Why Is Toyota Planning to Halt Indiana Camry Production?

camry hybrid

As business ramps up for every automaker operating in the United States, factory capacity is becoming a concern for Toyota (NYSE:TM) and Subaru (FUJHY.PK). The need for Subaru to increase production volumes in the U.S. may be behind the decision by Toyota to end Camry production in the Subaru of Indiana Automotive plant at the end of the current contract, which was reported by Louisville’s Journal-Courier.

Toyota, which owns 16.5 percent of Subaru as the top shareholder, has produced the Camry in Subaru’s Indiana plant for over six years. According to the Journal-Courier, that relationship will end when this model Camry phases out for the next generation, which is expected by 2017. Since SIA plant workers will begin manufacturing the Impreza around that time, the company does not expect the changes to affect the workforce.

Subaru’s need for more capacity follows its impressive run of five consecutive years of record sales volumes. Sales were up 32 percent in October when matched against last year’s figures, part of a gain of 28 percent for the entire year thus far. Despite its successful partnership with Toyota in the Scion FR-S and the BRZ carrying its own badge, Subaru has its own business to expand.According to Automotive News, Toyota’s ending Camry production in Indiana could be a gift to Subaru in the form of added capacity, though the blessing would become something of a burden for Toyota as it tries to find a space and workforce capable of assembling 100,000 Camrys.

At the same time, its interest in Subaru would account for the accommodating move by Toyota. Though Toyota has posted an increase of 8 percent through October when matched against 2012 figures, the more rapid expansion of Subaru suggests there is more to gain in investing additional resources in the automaker.
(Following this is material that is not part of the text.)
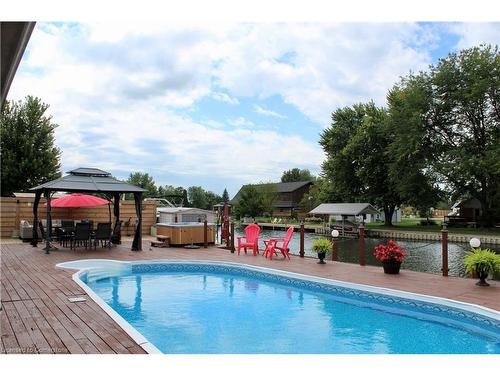 811 Rivait Drive, Lighthouse Cove, ON - Outdoor With In Ground Pool With Backyard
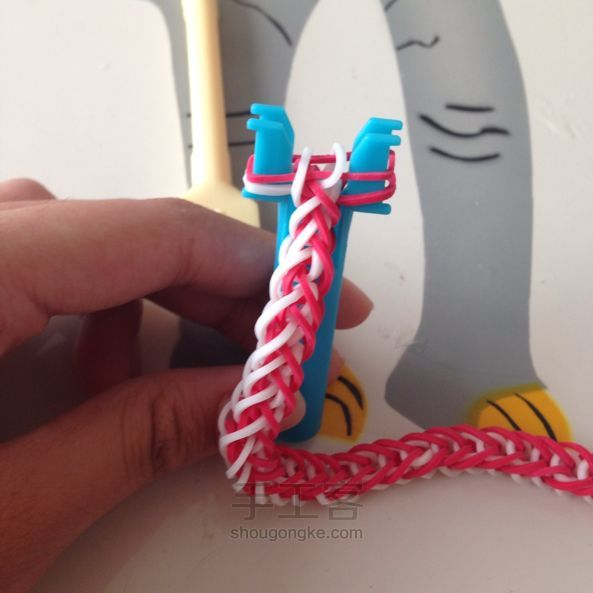橡皮筋手镯编织教程 2 第10步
The Subaru Outback and Forester are the best selling vehicles made by the brand owned by parent company Fuji Heavy Industries.

Since Subaru is bringing Impreza production to the Indiana plant, the number of workers needed will likely remain the same, SIA’s vice president told the Journal-Courier. Employees now used to assembling the Camry will learn the Subaru-badged vehicle prior to the plant’s change of the guard.